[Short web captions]
——

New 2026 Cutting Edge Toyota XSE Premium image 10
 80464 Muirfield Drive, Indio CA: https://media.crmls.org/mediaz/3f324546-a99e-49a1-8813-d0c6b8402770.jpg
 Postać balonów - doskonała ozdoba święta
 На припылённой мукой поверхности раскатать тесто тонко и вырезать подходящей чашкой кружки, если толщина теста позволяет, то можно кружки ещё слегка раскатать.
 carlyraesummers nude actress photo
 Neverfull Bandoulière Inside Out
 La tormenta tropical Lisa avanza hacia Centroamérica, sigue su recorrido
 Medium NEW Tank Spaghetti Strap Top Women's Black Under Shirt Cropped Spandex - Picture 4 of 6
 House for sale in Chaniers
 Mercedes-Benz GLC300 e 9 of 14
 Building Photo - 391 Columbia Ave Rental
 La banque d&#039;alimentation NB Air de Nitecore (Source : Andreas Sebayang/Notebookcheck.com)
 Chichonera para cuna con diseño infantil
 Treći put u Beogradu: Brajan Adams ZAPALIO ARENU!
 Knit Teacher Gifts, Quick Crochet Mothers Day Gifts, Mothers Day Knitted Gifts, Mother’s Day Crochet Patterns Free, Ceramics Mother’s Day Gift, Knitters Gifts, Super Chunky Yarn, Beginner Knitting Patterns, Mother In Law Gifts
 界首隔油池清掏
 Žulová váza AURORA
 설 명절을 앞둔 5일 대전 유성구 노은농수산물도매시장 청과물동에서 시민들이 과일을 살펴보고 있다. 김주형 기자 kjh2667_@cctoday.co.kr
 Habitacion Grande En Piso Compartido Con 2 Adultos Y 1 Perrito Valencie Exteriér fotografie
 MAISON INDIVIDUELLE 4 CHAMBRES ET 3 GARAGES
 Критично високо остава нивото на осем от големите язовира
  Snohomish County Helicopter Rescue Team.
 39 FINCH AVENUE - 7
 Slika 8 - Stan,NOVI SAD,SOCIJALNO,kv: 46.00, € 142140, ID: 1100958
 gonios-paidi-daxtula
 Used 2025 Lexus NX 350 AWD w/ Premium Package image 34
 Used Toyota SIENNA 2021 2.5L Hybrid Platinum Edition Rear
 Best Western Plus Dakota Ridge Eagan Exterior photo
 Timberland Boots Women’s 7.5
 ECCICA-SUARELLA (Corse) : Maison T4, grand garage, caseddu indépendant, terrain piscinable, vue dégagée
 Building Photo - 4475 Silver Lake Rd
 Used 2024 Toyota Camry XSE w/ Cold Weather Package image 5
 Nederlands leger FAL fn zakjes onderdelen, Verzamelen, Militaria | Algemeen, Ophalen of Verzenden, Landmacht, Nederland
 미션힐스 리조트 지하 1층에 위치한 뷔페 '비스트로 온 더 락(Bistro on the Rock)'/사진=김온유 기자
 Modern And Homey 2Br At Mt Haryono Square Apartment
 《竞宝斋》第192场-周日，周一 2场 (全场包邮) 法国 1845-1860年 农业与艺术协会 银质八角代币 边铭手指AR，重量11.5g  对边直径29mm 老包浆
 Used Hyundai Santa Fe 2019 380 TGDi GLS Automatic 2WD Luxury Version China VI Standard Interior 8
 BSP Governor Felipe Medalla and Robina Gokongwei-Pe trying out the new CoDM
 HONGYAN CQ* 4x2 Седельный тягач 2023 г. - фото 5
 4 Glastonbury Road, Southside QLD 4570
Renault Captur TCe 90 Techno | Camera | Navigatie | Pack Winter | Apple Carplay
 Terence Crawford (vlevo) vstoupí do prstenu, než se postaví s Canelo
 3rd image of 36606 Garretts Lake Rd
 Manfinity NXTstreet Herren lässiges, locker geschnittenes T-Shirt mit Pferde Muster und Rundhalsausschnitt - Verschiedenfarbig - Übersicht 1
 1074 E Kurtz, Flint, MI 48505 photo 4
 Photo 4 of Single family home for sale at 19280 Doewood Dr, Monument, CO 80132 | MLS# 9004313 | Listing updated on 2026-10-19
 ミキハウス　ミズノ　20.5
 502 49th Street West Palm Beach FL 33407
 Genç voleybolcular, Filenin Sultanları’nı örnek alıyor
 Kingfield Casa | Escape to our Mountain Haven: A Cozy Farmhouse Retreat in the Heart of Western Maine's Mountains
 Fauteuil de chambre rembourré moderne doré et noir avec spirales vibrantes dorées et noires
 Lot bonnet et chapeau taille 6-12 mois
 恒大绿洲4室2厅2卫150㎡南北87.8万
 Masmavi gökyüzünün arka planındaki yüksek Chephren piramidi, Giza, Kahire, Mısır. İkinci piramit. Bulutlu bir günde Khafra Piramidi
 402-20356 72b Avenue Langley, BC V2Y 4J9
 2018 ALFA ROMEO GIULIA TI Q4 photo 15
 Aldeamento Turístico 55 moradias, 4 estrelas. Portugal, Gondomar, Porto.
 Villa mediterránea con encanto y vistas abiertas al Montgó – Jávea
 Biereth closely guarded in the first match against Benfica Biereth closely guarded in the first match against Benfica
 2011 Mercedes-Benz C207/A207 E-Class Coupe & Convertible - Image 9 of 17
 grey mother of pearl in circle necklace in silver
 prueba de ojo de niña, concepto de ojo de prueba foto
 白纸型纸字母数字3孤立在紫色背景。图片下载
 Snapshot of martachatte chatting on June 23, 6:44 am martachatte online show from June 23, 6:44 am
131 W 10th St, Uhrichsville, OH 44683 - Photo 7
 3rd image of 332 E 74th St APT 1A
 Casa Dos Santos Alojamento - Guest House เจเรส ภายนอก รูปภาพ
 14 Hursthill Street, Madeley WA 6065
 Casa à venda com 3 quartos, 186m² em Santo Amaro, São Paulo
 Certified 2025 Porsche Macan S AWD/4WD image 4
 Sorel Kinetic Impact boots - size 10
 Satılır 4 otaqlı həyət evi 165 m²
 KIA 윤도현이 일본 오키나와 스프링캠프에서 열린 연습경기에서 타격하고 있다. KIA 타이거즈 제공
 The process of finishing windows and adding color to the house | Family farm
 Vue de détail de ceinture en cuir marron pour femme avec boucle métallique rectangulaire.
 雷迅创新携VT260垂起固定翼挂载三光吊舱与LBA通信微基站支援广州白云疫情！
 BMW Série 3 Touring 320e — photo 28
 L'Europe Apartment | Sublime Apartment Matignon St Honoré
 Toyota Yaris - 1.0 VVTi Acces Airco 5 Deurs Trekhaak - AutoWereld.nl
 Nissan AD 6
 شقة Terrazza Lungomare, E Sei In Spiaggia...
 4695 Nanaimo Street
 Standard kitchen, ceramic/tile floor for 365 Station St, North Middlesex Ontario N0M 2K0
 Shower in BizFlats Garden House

——

### TASK REQUIREMENTS
Transcribe every line above, character for character.

### EXERCISE ANSWER
New 2026 Cutting Edge Toyota XSE Premium image 10
 80464 Muirfield Drive, Indio CA: https://media.crmls.org/mediaz/3f324546-a99e-49a1-8813-d0c6b8402770.jpg
 Postać balonów - doskonała ozdoba święta
 На припылённой мукой поверхности раскатать тесто тонко и вырезать подходящей чашкой кружки, если толщина теста позволяет, то можно кружки ещё слегка раскатать.
 carlyraesummers nude actress photo
 Neverfull Bandoulière Inside Out
 La tormenta tropical Lisa avanza hacia Centroamérica, sigue su recorrido
 Medium NEW Tank Spaghetti Strap Top Women's Black Under Shirt Cropped Spandex - Picture 4 of 6
 House for sale in Chaniers
 Mercedes-Benz GLC300 e 9 of 14
 Building Photo - 391 Columbia Ave Rental
 La banque d&#039;alimentation NB Air de Nitecore (Source : Andreas Sebayang/Notebookcheck.com)
 Chichonera para cuna con diseño infantil
 Treći put u Beogradu: Brajan Adams ZAPALIO ARENU!
 Knit Teacher Gifts, Quick Crochet Mothers Day Gifts, Mothers Day Knitted Gifts, Mother’s Day Crochet Patterns Free, Ceramics Mother’s Day Gift, Knitters Gifts, Super Chunky Yarn, Beginner Knitting Patterns, Mother In Law Gifts
 界首隔油池清掏
 Žulová váza AURORA
 설 명절을 앞둔 5일 대전 유성구 노은농수산물도매시장 청과물동에서 시민들이 과일을 살펴보고 있다. 김주형 기자 kjh2667_@cctoday.co.kr
 Habitacion Grande En Piso Compartido Con 2 Adultos Y 1 Perrito Valencie Exteriér fotografie
 MAISON INDIVIDUELLE 4 CHAMBRES ET 3 GARAGES
 Критично високо остава нивото на осем от големите язовира
  Snohomish County Helicopter Rescue Team.
 39 FINCH AVENUE - 7
 Slika 8 - Stan,NOVI SAD,SOCIJALNO,kv: 46.00, € 142140, ID: 1100958
 gonios-paidi-daxtula
 Used 2025 Lexus NX 350 AWD w/ Premium Package image 34
 Used Toyota SIENNA 2021 2.5L Hybrid Platinum Edition Rear
 Best Western Plus Dakota Ridge Eagan Exterior photo
 Timberland Boots Women’s 7.5
 ECCICA-SUARELLA (Corse) : Maison T4, grand garage, caseddu indépendant, terrain piscinable, vue dégagée
 Building Photo - 4475 Silver Lake Rd
 Used 2024 Toyota Camry XSE w/ Cold Weather Package image 5
 Nederlands leger FAL fn zakjes onderdelen, Verzamelen, Militaria | Algemeen, Ophalen of Verzenden, Landmacht, Nederland
 미션힐스 리조트 지하 1층에 위치한 뷔페 '비스트로 온 더 락(Bistro on the Rock)'/사진=김온유 기자
 Modern And Homey 2Br At Mt Haryono Square Apartment
 《竞宝斋》第192场-周日，周一 2场 (全场包邮) 法国 1845-1860年 农业与艺术协会 银质八角代币 边铭手指AR，重量11.5g  对边直径29mm 老包浆
 Used Hyundai Santa Fe 2019 380 TGDi GLS Automatic 2WD Luxury Version China VI Standard Interior 8
 BSP Governor Felipe Medalla and Robina Gokongwei-Pe trying out the new CoDM
 HONGYAN CQ* 4x2 Седельный тягач 2023 г. - фото 5
 4 Glastonbury Road, Southside QLD 4570
Renault Captur TCe 90 Techno | Camera | Navigatie | Pack Winter | Apple Carplay
 Terence Crawford (vlevo) vstoupí do prstenu, než se postaví s Canelo
 3rd image of 36606 Garretts Lake Rd
 Manfinity NXTstreet Herren lässiges, locker geschnittenes T-Shirt mit Pferde Muster und Rundhalsausschnitt - Verschiedenfarbig - Übersicht 1
 1074 E Kurtz, Flint, MI 48505 photo 4
 Photo 4 of Single family home for sale at 19280 Doewood Dr, Monument, CO 80132 | MLS# 9004313 | Listing updated on 2026-10-19
 ミキハウス　ミズノ　20.5
 502 49th Street West Palm Beach FL 33407
 Genç voleybolcular, Filenin Sultanları’nı örnek alıyor
 Kingfield Casa | Escape to our Mountain Haven: A Cozy Farmhouse Retreat in the Heart of Western Maine's Mountains
 Fauteuil de chambre rembourré moderne doré et noir avec spirales vibrantes dorées et noires
 Lot bonnet et chapeau taille 6-12 mois
 恒大绿洲4室2厅2卫150㎡南北87.8万
 Masmavi gökyüzünün arka planındaki yüksek Chephren piramidi, Giza, Kahire, Mısır. İkinci piramit. Bulutlu bir günde Khafra Piramidi
 402-20356 72b Avenue Langley, BC V2Y 4J9
 2018 ALFA ROMEO GIULIA TI Q4 photo 15
 Aldeamento Turístico 55 moradias, 4 estrelas. Portugal, Gondomar, Porto.
 Villa mediterránea con encanto y vistas abiertas al Montgó – Jávea
 Biereth closely guarded in the first match against Benfica Biereth closely guarded in the first match against Benfica
 2011 Mercedes-Benz C207/A207 E-Class Coupe & Convertible - Image 9 of 17
 grey mother of pearl in circle necklace in silver
 prueba de ojo de niña, concepto de ojo de prueba foto
 白纸型纸字母数字3孤立在紫色背景。图片下载
 Snapshot of martachatte chatting on June 23, 6:44 am martachatte online show from June 23, 6:44 am
131 W 10th St, Uhrichsville, OH 44683 - Photo 7
 3rd image of 332 E 74th St APT 1A
 Casa Dos Santos Alojamento - Guest House เจเรส ภายนอก รูปภาพ
 14 Hursthill Street, Madeley WA 6065
 Casa à venda com 3 quartos, 186m² em Santo Amaro, São Paulo
 Certified 2025 Porsche Macan S AWD/4WD image 4
 Sorel Kinetic Impact boots - size 10
 Satılır 4 otaqlı həyət evi 165 m²
 KIA 윤도현이 일본 오키나와 스프링캠프에서 열린 연습경기에서 타격하고 있다. KIA 타이거즈 제공
 The process of finishing windows and adding color to the house | Family farm
 Vue de détail de ceinture en cuir marron pour femme avec boucle métallique rectangulaire.
 雷迅创新携VT260垂起固定翼挂载三光吊舱与LBA通信微基站支援广州白云疫情！
 BMW Série 3 Touring 320e — photo 28
 L'Europe Apartment | Sublime Apartment Matignon St Honoré
 Toyota Yaris - 1.0 VVTi Acces Airco 5 Deurs Trekhaak - AutoWereld.nl
 Nissan AD 6
 شقة Terrazza Lungomare, E Sei In Spiaggia...
 4695 Nanaimo Street
 Standard kitchen, ceramic/tile floor for 365 Station St, North Middlesex Ontario N0M 2K0
 Shower in BizFlats Garden House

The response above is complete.